> [What you need to do]: Show all the lines in the data below that include the word "gambar".

Source information Start Marker

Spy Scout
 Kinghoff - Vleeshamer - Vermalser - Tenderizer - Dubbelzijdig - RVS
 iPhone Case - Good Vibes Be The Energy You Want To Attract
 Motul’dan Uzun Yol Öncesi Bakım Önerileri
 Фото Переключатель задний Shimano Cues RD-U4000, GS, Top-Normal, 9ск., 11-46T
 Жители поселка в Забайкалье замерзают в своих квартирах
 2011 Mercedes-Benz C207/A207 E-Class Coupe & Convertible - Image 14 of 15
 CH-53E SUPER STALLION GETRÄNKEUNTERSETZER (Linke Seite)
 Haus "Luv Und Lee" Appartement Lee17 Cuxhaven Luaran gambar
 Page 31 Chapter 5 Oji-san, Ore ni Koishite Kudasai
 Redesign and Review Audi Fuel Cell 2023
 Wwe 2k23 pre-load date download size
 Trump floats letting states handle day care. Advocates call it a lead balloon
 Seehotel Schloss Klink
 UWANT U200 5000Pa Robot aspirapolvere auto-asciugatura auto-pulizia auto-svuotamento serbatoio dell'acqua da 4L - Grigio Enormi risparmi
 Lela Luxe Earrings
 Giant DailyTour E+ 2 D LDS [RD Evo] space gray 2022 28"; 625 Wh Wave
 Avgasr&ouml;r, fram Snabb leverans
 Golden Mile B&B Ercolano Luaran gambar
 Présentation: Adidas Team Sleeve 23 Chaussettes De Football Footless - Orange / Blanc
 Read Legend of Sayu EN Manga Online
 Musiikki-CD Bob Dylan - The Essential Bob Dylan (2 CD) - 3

Source information End Marker

> [Solution]:
 Haus "Luv Und Lee" Appartement Lee17 Cuxhaven Luaran gambar
 Golden Mile B&B Ercolano Luaran gambar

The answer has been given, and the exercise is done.